Bu güne kadar önce AB Gümrük Birliğine giren sonra da AB’ye tam üye olan bir devlet yok. Bu garabet Türkiye’ye özgü. Türkiye Karar mekanizması içinde olmadığı AB’nin tüm kurallarını gözü kapalı uygulamaktadır. Aslında 1995 Gümrük Birliği Anlaşması, Anayasanın 90.cı maddesine göre TBMM’de onaylanmadığı için hukuken T.C. Anayasasına aykırı bir anlaşma ve uygulama durumunda.

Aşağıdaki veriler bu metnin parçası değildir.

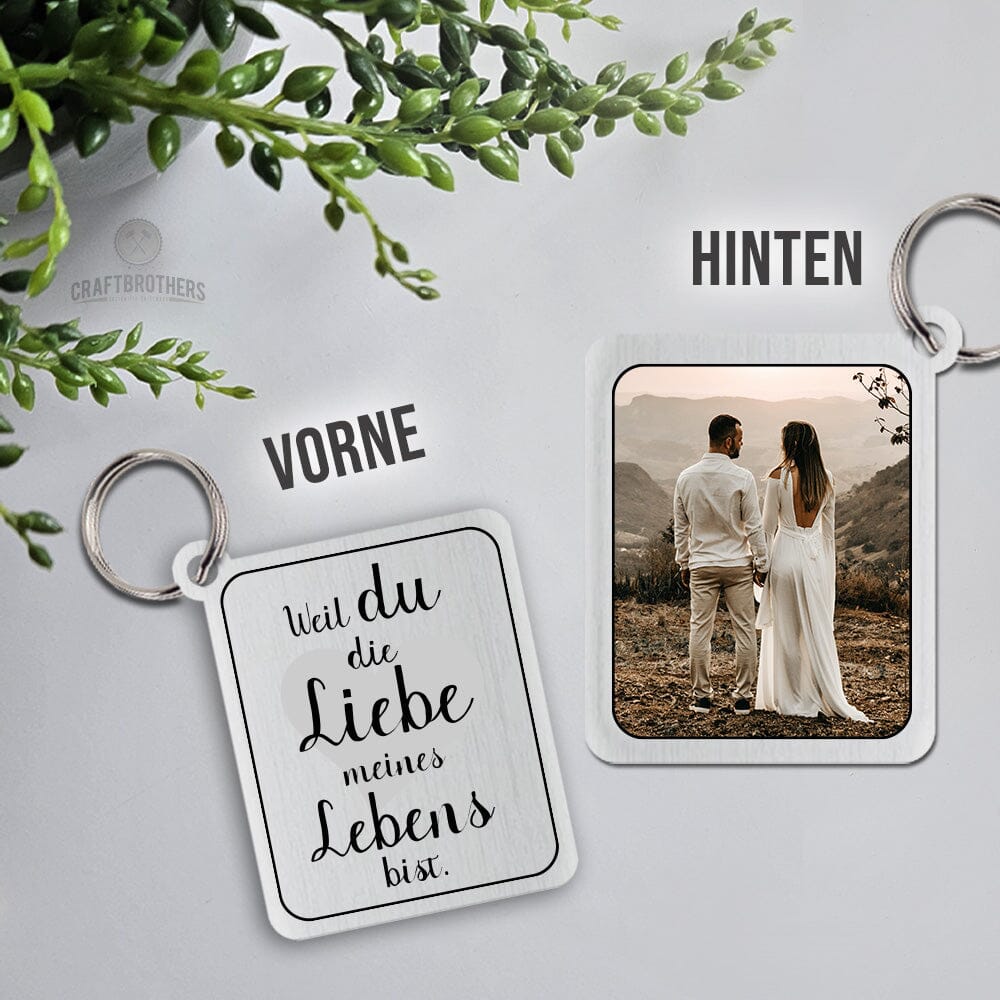 Schlüsselanhänger New Style - Weil du die Liebe meines Lebens bist Craftbrothers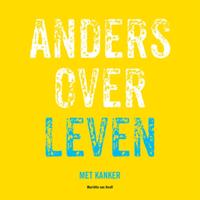 Anders over leven met kanker (Paperback)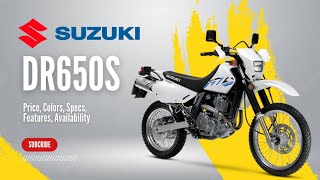 2025 Suzuki DR650S Dual Sport Price Colors Specs Features Availability [upl. by Adalbert]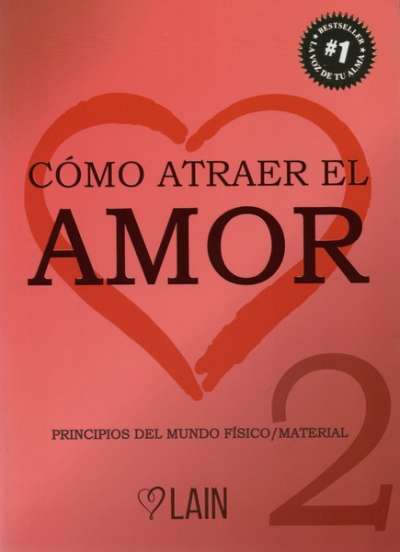 Libro: Cómo atraer el amor. Principios del mundo físico/material | Autor: Laín García Calvo | Isbn: 9788469791479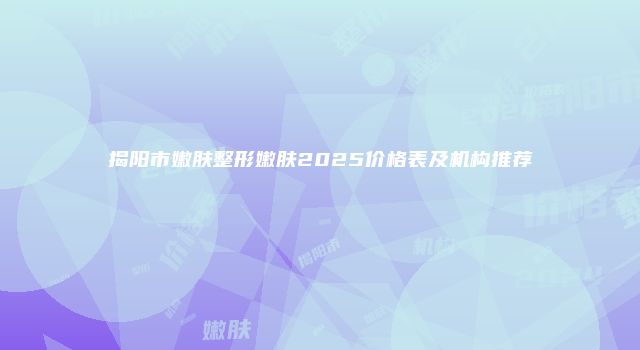 揭阳市嫩肤整形嫩肤2025价格表及机构推荐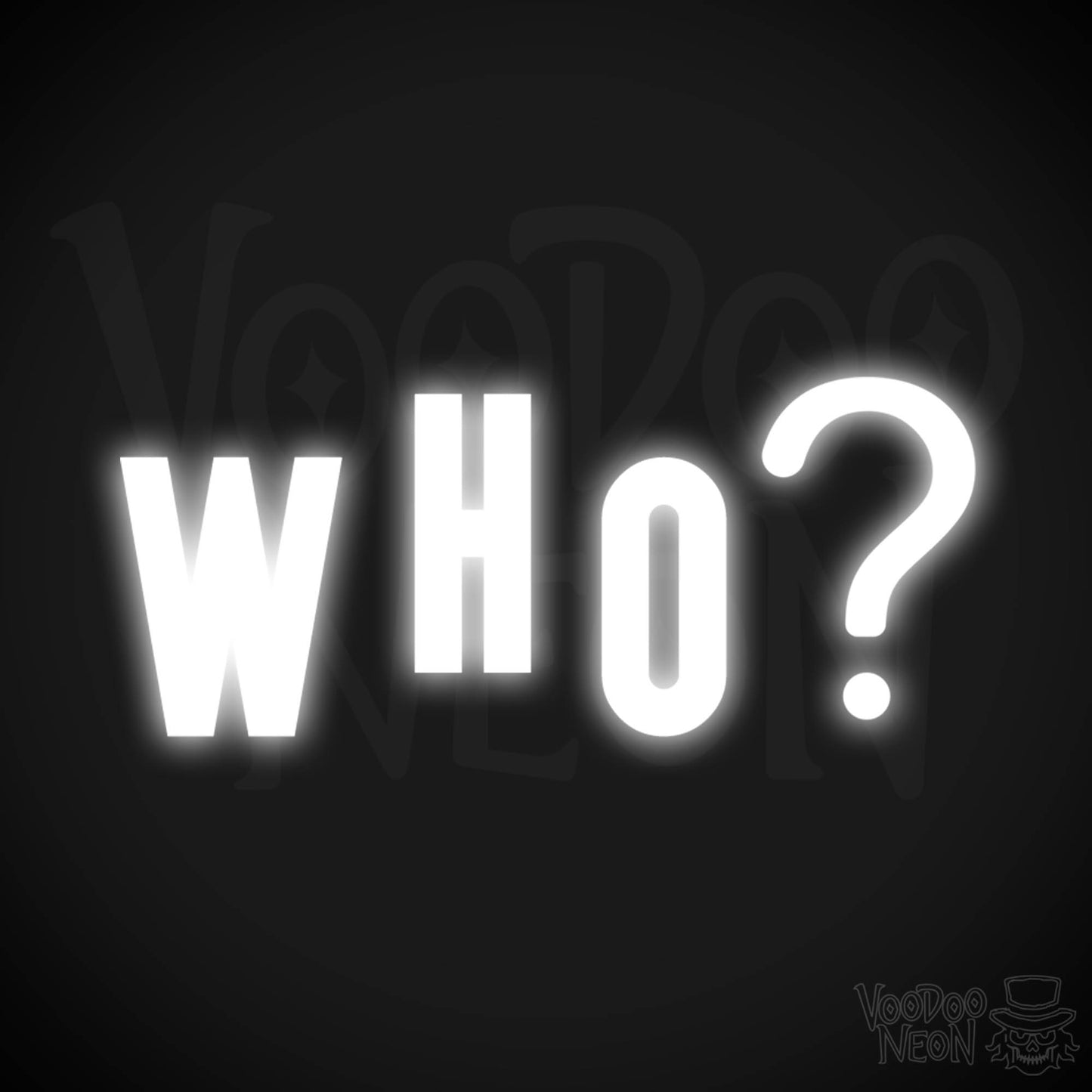 Who Neon Sign - Neon Who Sign - Who LED Word Sign - Color White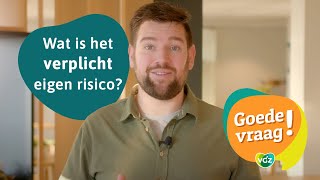 Wat is het verplicht eigen risico [upl. by Ennayrb574]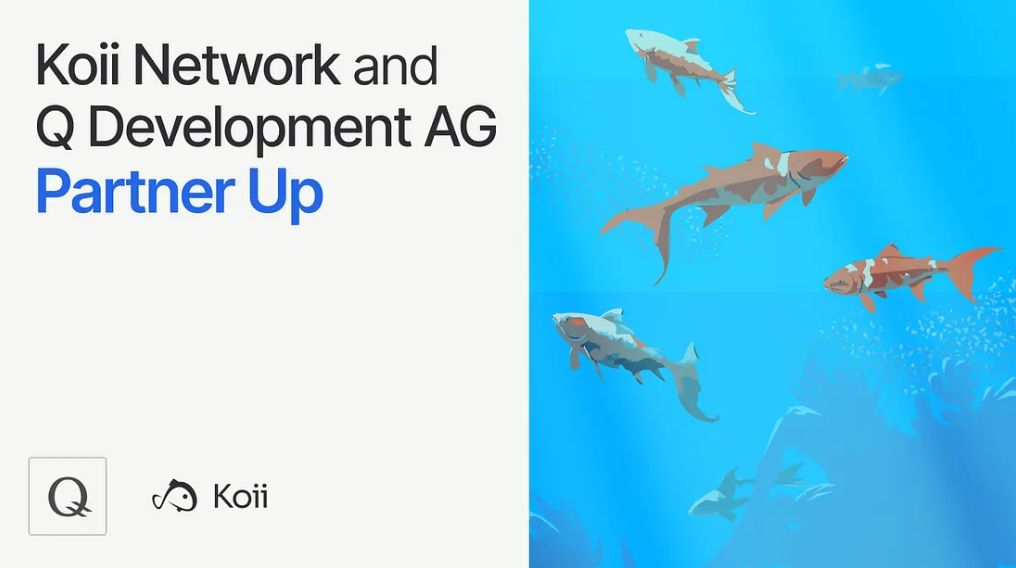Forging Collaborative Paths: Q Development AG Joins Forces with Koii Network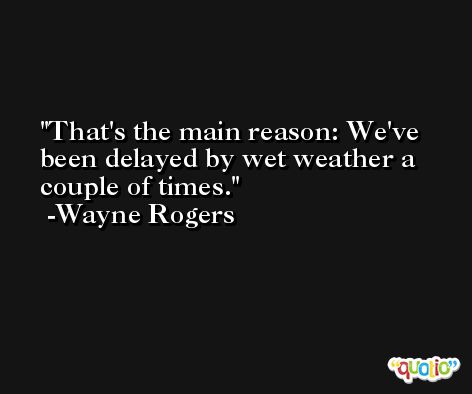 That's the main reason: We've been delayed by wet weather a couple of times. -Wayne Rogers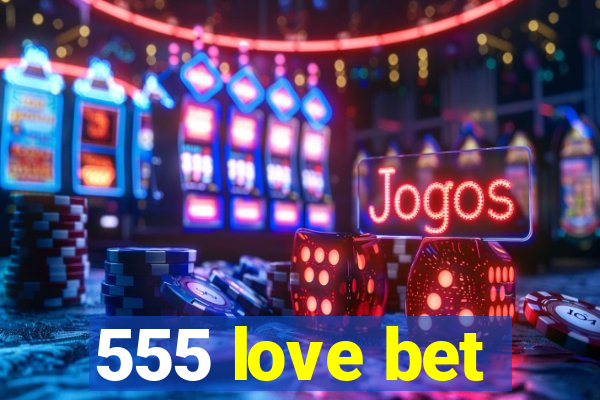 555 love bet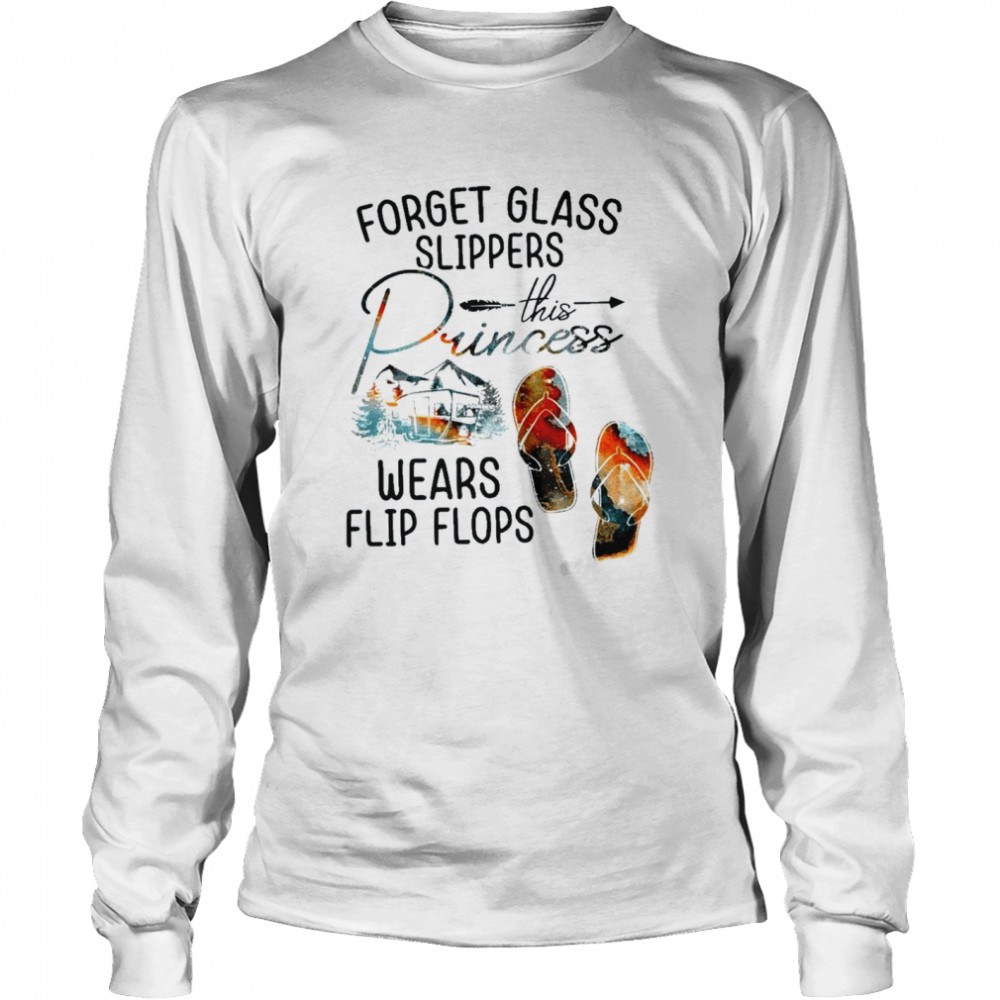 Forget glass slippers this princess wears flip flops shirt Long Sleeved T-shirt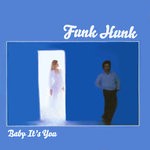 cover: Funk Hunk - Baby It's You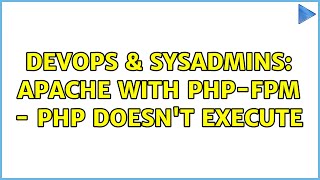 DevOps & SysAdmins: Apache with PHP-FPM - PHP doesn't execute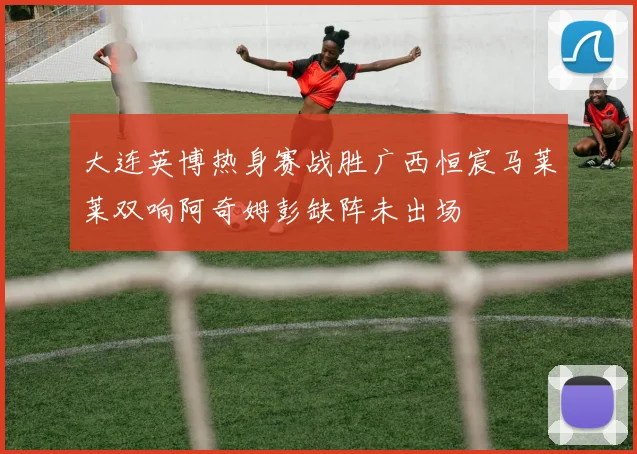 大连英博热身赛战胜广西恒宸马莱莱双响阿奇姆彭缺阵未出场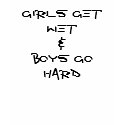 GIRLS GET WET&BOYS GO HARD t-shirts by andrewfarrugia GIRLS GET WET&BOYS GO HARD t-shirts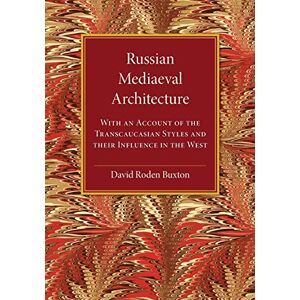Russische Mittelalterliche Architektur: Mit Einem Bericht über Die Transkaukasischen Stile Und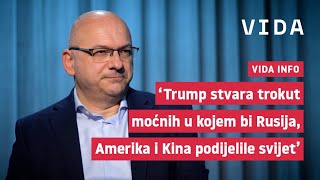 VIDA info - Intervju, Dejan Jović: Trumpov svjetski poredak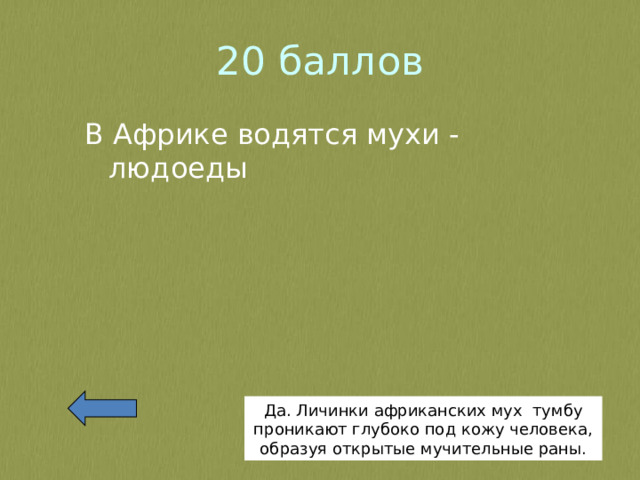 20 баллов В Африке водятся мухи - людоеды Да. Личинки африканских мух тумбу проникают глубоко под кожу человека, образуя открытые мучительные раны. 
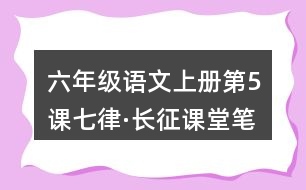 六年級(jí)語(yǔ)文上冊(cè)第5課七律·長(zhǎng)征課堂筆記近義詞反義詞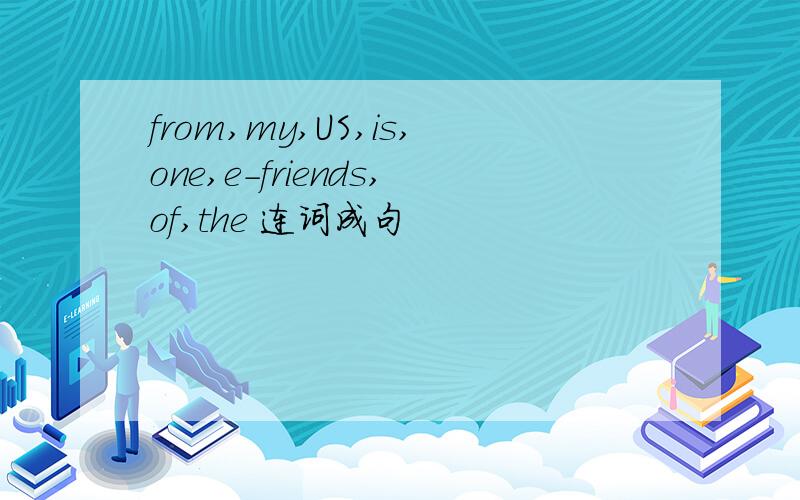 from,my,US,is,one,e-friends,of,the 连词成句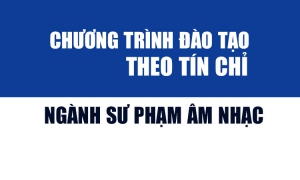 Chương trình đào tạo cao đẳng ngành sư phạm âm nhạc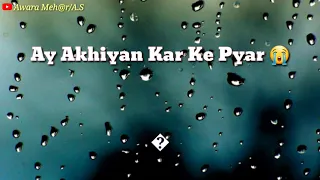 Akhiyan Kar ke Pyar Rahat || the Best Sad Painful HD WhatsApp status)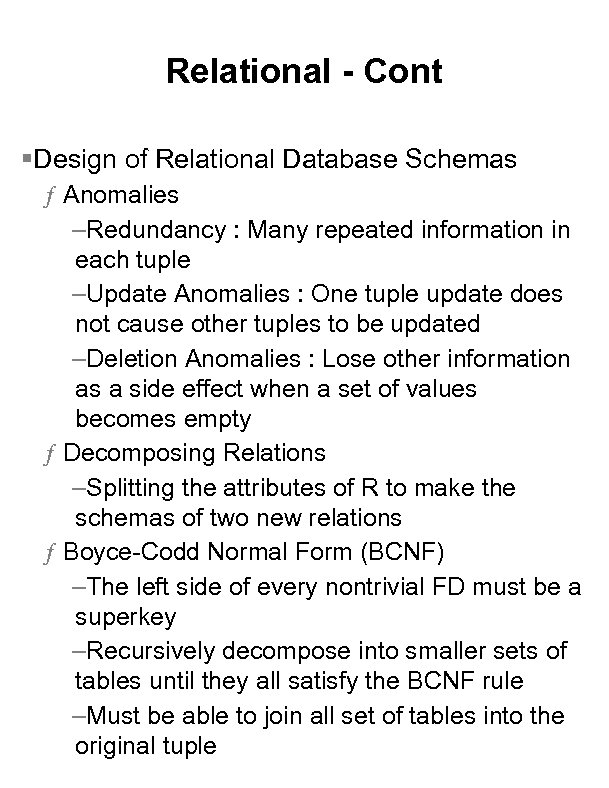Relational - Cont §Design of Relational Database Schemas ƒ Anomalies –Redundancy : Many repeated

Türkiye’nin AB ile imzaladığı Gümrük Birliği (GB) Anlaşması 10. yılına girdi. Geçen 10 yılın sonunda Türkiye bu Gümrük Birliği yükünü taşıyamaz konuma geldi. Hala daha bu durumu dikkate alan yok. Buna karşın AB hayali tam gaz gidiyor. Yakında beton bir duvara çarpacağı da kaçınılmaz bir kader. Kader diyorum ama aslında bu bir somut gerçek. Bunun gerçek olduğu Müzakere çerçeve belgesinde Türkiye’nin tam üyelik tarifi yapılmamasından ve müzakere adıyla siyasal dayatmalarla Türkiye’nin çözülme sürecine sürüklenmesinden çok iyi anlaşılmaktadır.
AB-Türkiye Gümrük Birliği Tarım ve Hizmet sektörünü kapsamıyor. Tarım halen daha Türkiye’nin en yaygın üretim alanlarından birisi. Genç kuşağın sayısı ve dinamizmi ise dikkate değer. Her ikisi de anlaşma dışı. Bu nedenle de aradan geçen 10 yıl Türkiye’yi AB’nin pazarı konumuna getirdi açıkçası. Türklerin üretkenlik yeteneği köreldi, Dış ticaret açığı Cumhuriyet tarihinde görülmeyen düzeye çıktı vede en kötüsü rekabet koşulları daraldı.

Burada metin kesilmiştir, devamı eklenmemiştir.